Data supplied:
○ ○ ○ ○
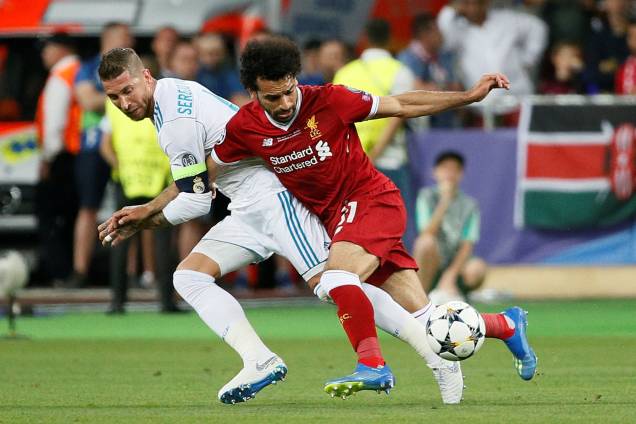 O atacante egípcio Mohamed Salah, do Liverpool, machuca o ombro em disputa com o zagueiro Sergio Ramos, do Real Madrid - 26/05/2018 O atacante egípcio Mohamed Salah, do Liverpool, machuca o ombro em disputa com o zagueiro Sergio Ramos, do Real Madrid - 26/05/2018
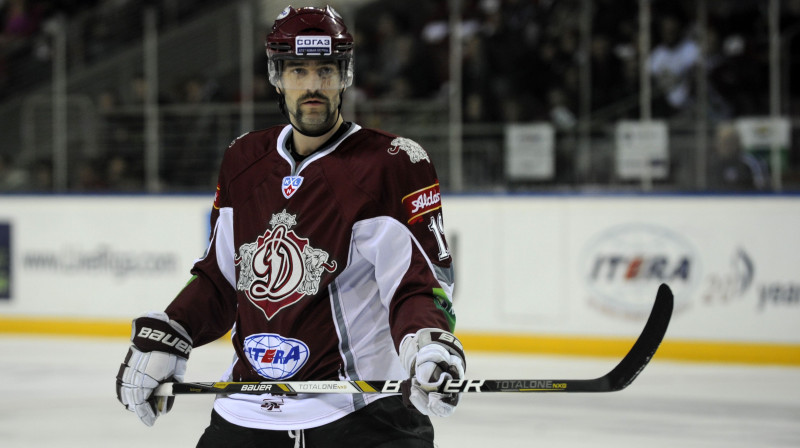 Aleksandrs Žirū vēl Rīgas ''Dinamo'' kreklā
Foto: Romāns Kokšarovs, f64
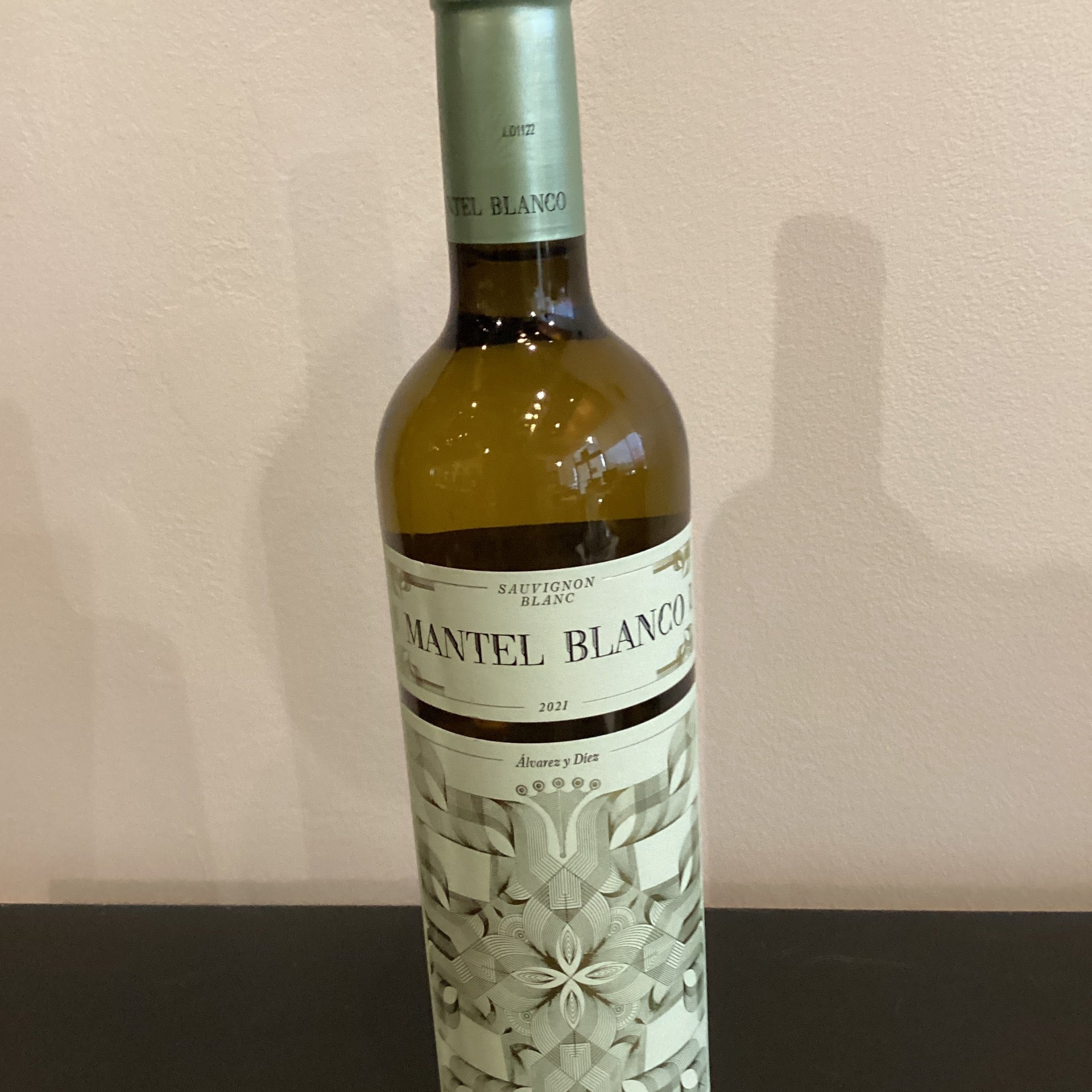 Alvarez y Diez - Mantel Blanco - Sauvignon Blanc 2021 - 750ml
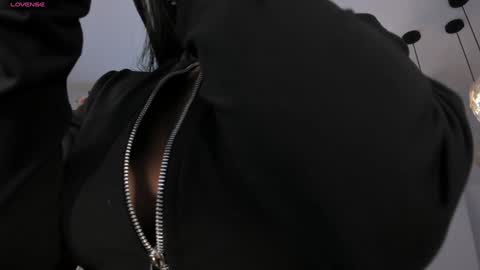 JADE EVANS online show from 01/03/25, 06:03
○ ○ ○ ○
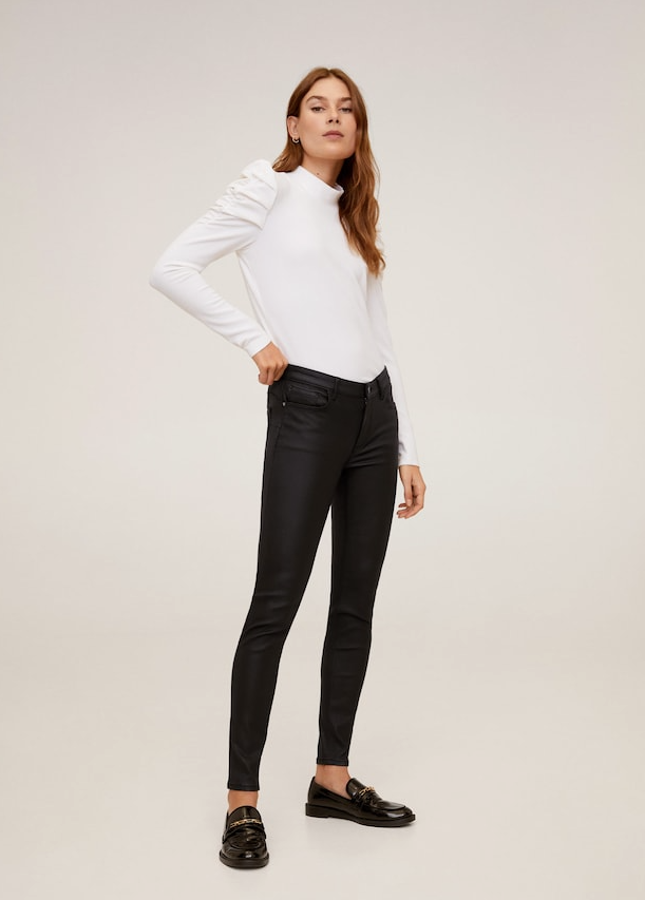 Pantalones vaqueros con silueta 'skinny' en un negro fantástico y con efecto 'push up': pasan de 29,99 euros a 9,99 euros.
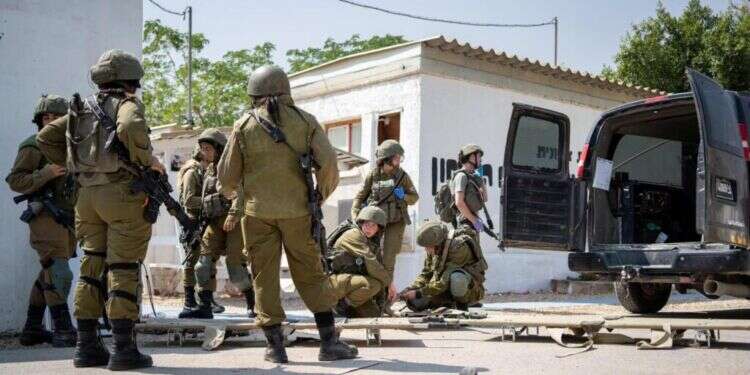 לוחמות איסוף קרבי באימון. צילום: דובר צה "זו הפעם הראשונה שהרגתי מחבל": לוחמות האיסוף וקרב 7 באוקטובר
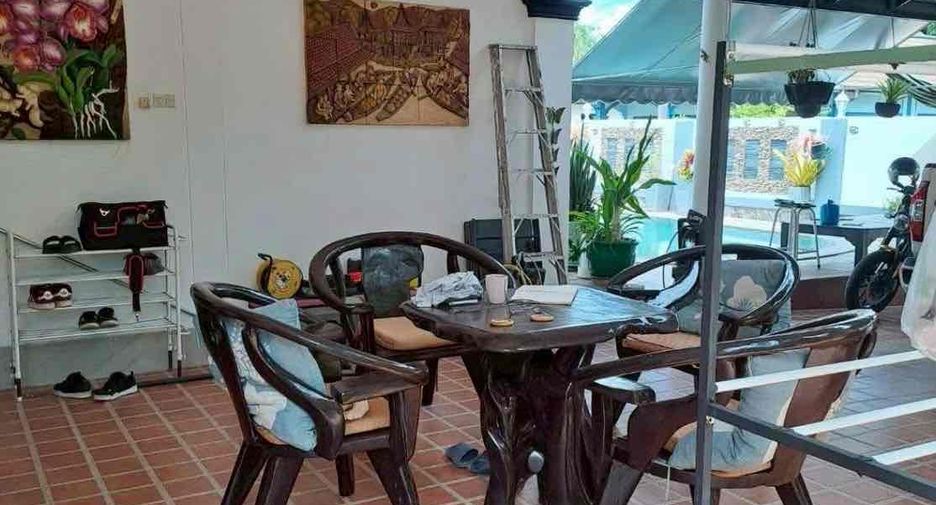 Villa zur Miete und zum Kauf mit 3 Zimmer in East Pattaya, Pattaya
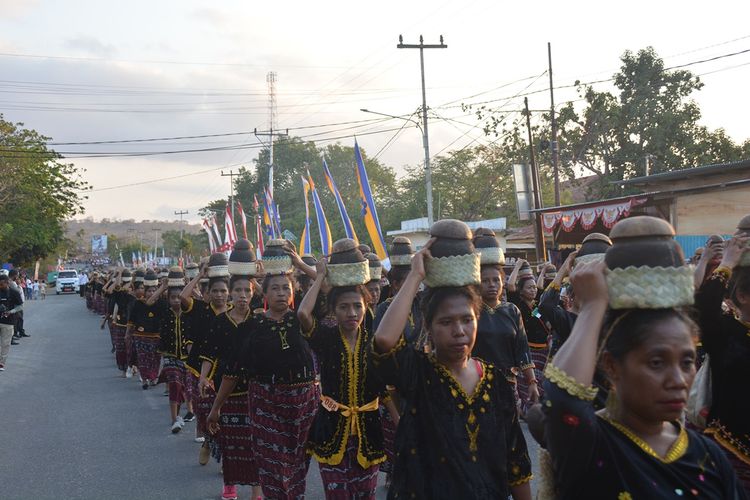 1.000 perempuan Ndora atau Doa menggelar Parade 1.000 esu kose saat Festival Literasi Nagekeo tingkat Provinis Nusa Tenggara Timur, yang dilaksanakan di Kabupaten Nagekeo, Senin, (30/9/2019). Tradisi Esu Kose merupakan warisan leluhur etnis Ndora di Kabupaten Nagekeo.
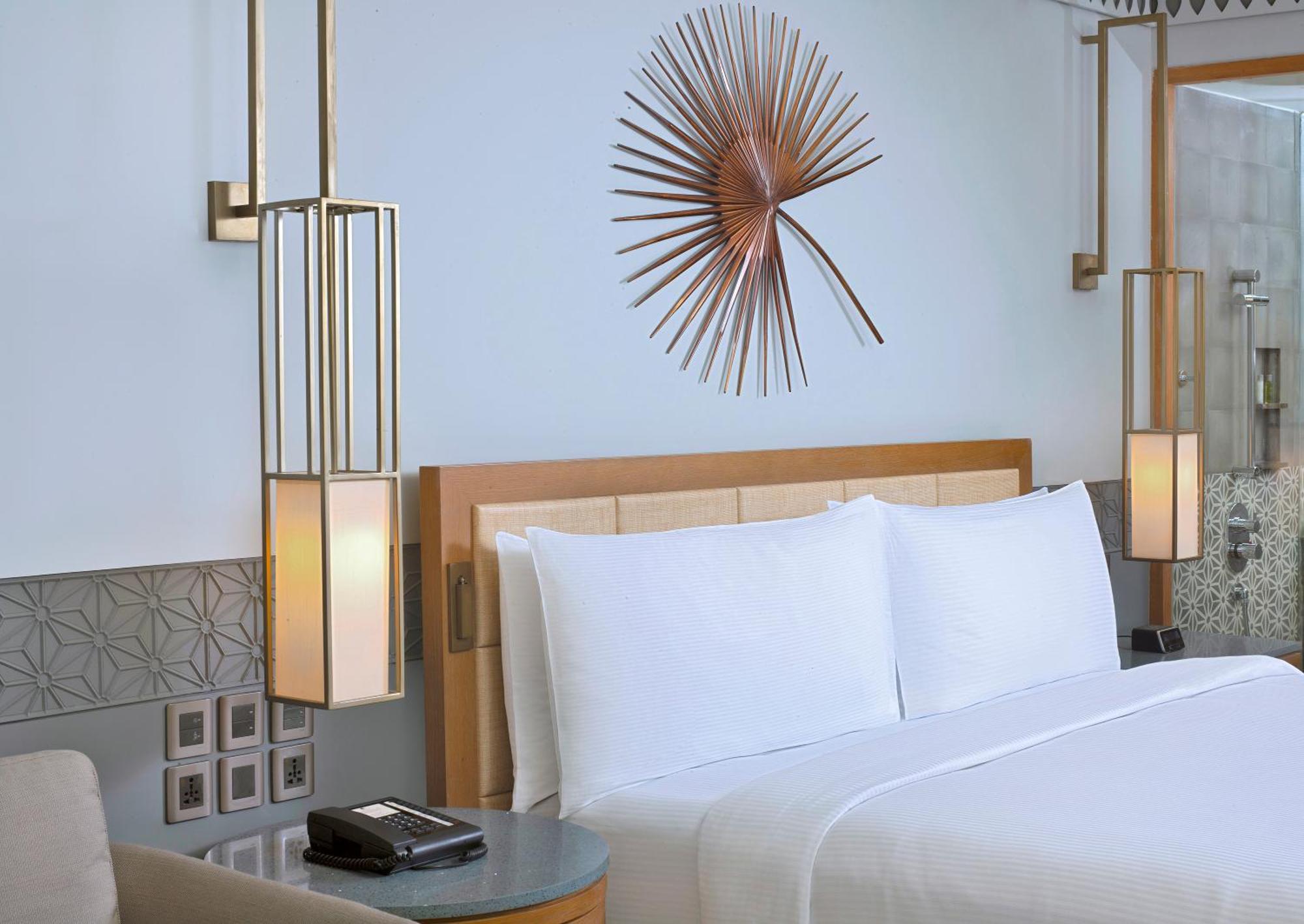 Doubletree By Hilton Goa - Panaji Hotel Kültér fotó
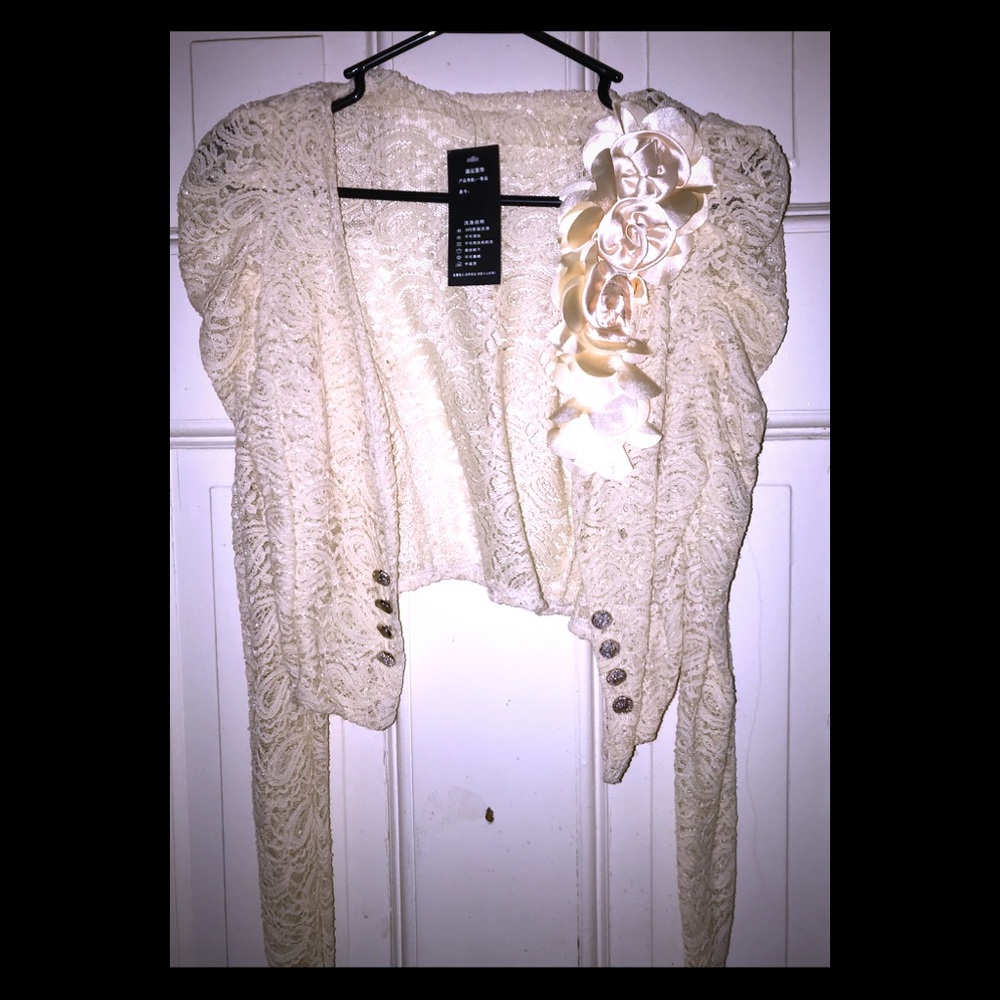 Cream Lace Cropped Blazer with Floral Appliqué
○ ○ ○ ○
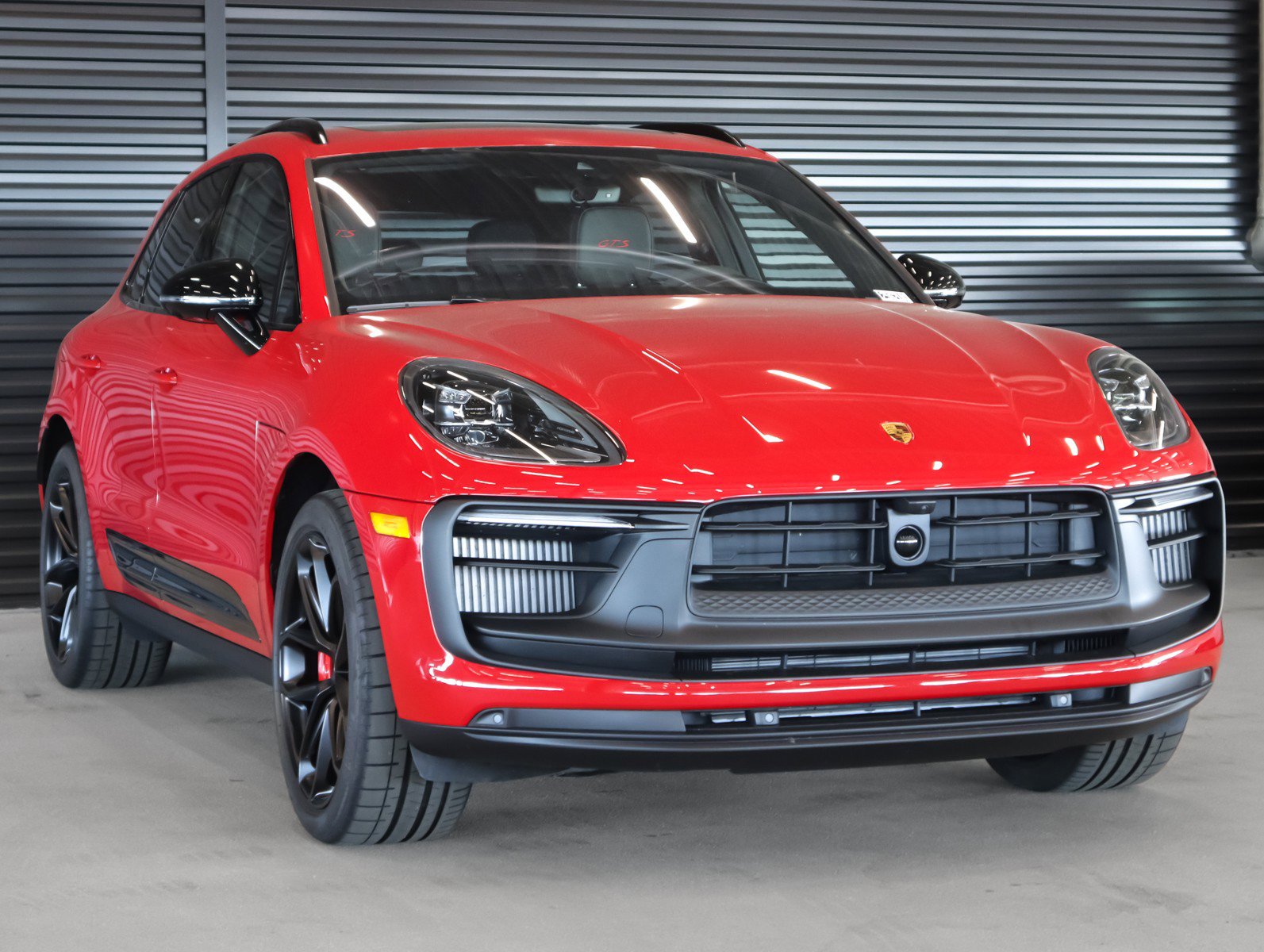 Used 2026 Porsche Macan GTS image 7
○ ○ ○ ○
Exercise description:
Beginning with the line holding "Doubletree By Hilton" in the material above, restate word for word each line through the line holding "Cream Lace Cropped", and exclude pictures.

Solved exercise:
 Doubletree By Hilton Goa - Panaji Hotel Kültér fotó
 Cream Lace Cropped Blazer with Floral Appliqué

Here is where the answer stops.